Stemline Therapeutics In-Licenses Novel Oral Small Molecule Nuclear Transport Inhibitor Targeting XPO1

On January 7, 2015 Stemline Therapeutics reported that it has exclusively licensed from CanBas the rights to develop and commercialize a novel, oral small molecule reversible inhibitor of Exportin-1 (XPO1), a nuclear transport target also known as Chromosome Region Maintenance-1 (CRM1) (Press release Stemline Therapeutics, JAN 7, 2015, View Source [SID:1234501295]).
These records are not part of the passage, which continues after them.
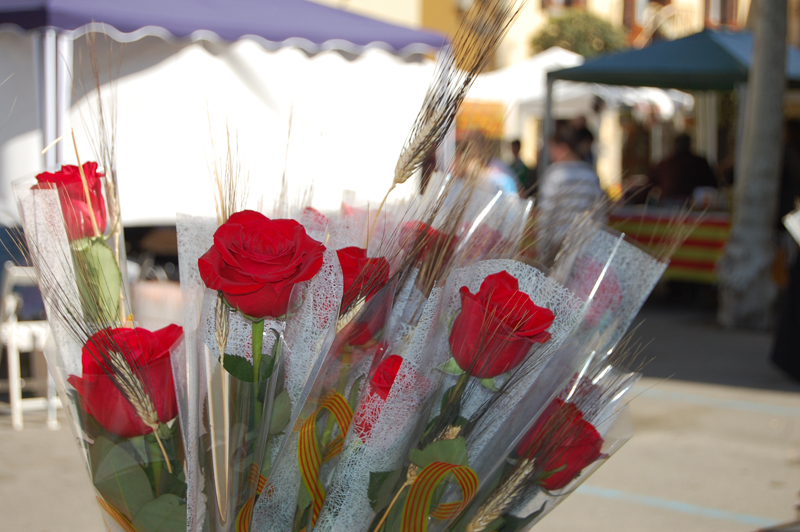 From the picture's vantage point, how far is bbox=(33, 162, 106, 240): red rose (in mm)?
1072

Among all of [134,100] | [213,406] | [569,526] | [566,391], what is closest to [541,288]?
[566,391]

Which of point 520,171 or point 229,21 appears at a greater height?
point 229,21

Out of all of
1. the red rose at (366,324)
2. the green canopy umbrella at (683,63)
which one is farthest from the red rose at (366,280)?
the green canopy umbrella at (683,63)

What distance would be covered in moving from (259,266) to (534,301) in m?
0.35

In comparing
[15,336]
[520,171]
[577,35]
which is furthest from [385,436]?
[577,35]

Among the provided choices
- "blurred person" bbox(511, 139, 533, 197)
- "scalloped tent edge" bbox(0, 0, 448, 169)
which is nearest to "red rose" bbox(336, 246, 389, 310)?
"scalloped tent edge" bbox(0, 0, 448, 169)

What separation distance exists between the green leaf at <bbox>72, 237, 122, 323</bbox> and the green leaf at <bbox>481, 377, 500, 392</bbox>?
500 millimetres

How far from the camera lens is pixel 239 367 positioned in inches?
36.6

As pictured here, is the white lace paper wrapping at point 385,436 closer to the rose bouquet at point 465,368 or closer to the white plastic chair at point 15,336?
the rose bouquet at point 465,368

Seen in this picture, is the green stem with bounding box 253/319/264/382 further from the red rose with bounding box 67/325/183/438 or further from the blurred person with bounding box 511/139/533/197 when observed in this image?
the blurred person with bounding box 511/139/533/197

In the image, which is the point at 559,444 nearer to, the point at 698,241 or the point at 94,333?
the point at 94,333

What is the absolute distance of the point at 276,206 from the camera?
1.21 metres

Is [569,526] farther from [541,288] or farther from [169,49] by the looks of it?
[169,49]

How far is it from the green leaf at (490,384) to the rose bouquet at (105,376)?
0.40 meters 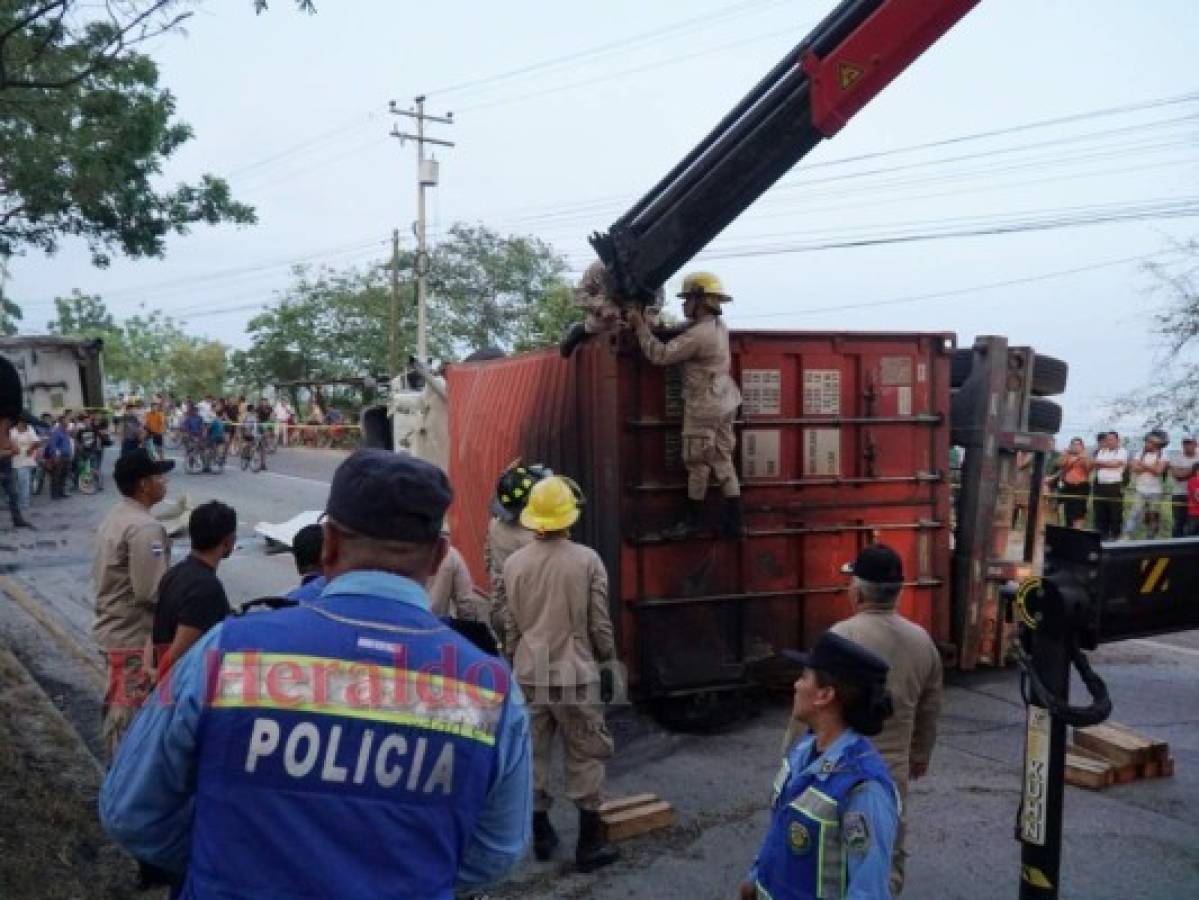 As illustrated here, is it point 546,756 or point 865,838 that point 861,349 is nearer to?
point 546,756

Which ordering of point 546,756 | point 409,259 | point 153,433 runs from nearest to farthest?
point 546,756 < point 153,433 < point 409,259

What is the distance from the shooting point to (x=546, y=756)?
5.27 m

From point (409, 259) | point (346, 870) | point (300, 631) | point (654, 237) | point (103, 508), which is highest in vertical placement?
point (409, 259)

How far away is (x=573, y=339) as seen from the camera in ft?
23.7

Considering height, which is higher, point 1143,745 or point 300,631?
point 300,631

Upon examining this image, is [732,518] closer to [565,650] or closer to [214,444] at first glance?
[565,650]

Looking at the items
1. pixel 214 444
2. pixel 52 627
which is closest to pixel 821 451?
pixel 52 627

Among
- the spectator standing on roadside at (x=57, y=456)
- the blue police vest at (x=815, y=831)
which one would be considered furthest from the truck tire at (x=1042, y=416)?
the spectator standing on roadside at (x=57, y=456)

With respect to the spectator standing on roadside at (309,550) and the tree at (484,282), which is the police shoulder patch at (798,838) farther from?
the tree at (484,282)

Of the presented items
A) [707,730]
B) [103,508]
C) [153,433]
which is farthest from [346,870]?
[153,433]

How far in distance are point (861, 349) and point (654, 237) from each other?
173 cm

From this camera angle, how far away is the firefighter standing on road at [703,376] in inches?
261

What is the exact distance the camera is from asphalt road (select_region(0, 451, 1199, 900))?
15.9 feet

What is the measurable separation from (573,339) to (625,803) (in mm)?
3144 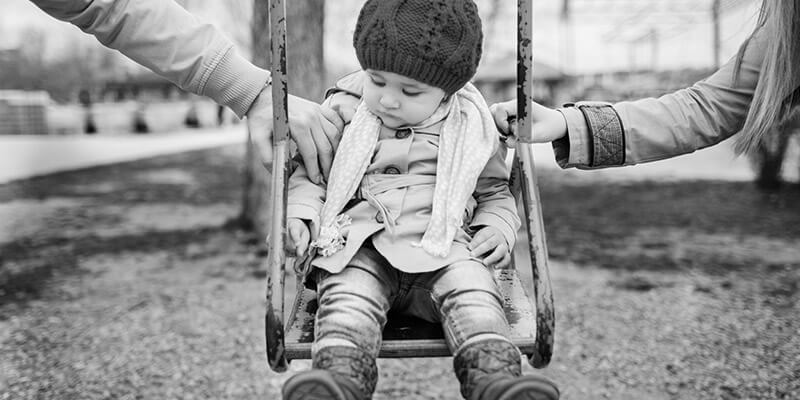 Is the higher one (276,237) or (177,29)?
(177,29)

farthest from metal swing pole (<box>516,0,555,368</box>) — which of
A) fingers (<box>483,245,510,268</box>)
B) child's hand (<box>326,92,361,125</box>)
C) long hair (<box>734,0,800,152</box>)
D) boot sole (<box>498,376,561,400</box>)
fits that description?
long hair (<box>734,0,800,152</box>)

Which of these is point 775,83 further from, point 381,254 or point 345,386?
point 345,386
Stemline has acquired worldwide rights with the exception of Japan, Korea, Taiwan and China. Stemline will now refer to the compound as SL-801.

Recent work has demonstrated that XPO1 is a clinically relevant target, and nuclear export inhibitors have emerged as a new approach in cancer treatment with activity in patients across multiple indications. Given that SL-801 is a novel reversible inhibitor of XPO1, we believe it has the potential to offer a broad therapeutic window with dosing and scheduling flexibility. SL-801 has demonstrated preclinical anti-cancer activity, including efficacy and safety in animal models, across a wide array of solid and hematologic cancers. Stemline expects to file an Investigational New Drug (IND) application in 2015.

Eric Rowinsky, M.D., Stemline’s Chief Medical Officer and Head of Research and Development commented, “CanBas’ foundational work created a novel potent inhibitor of XPO1 with a number of unique attributes, including reversibility of XPO1 inhibition, which we believe may enhance clinical efficacy and safety.” Dr. Rowinsky concluded, “As we continue to progress SL-401 and SL-701 through multiple clinical trials, we also plan to advance SL-801 into the clinic in several strategic indications.”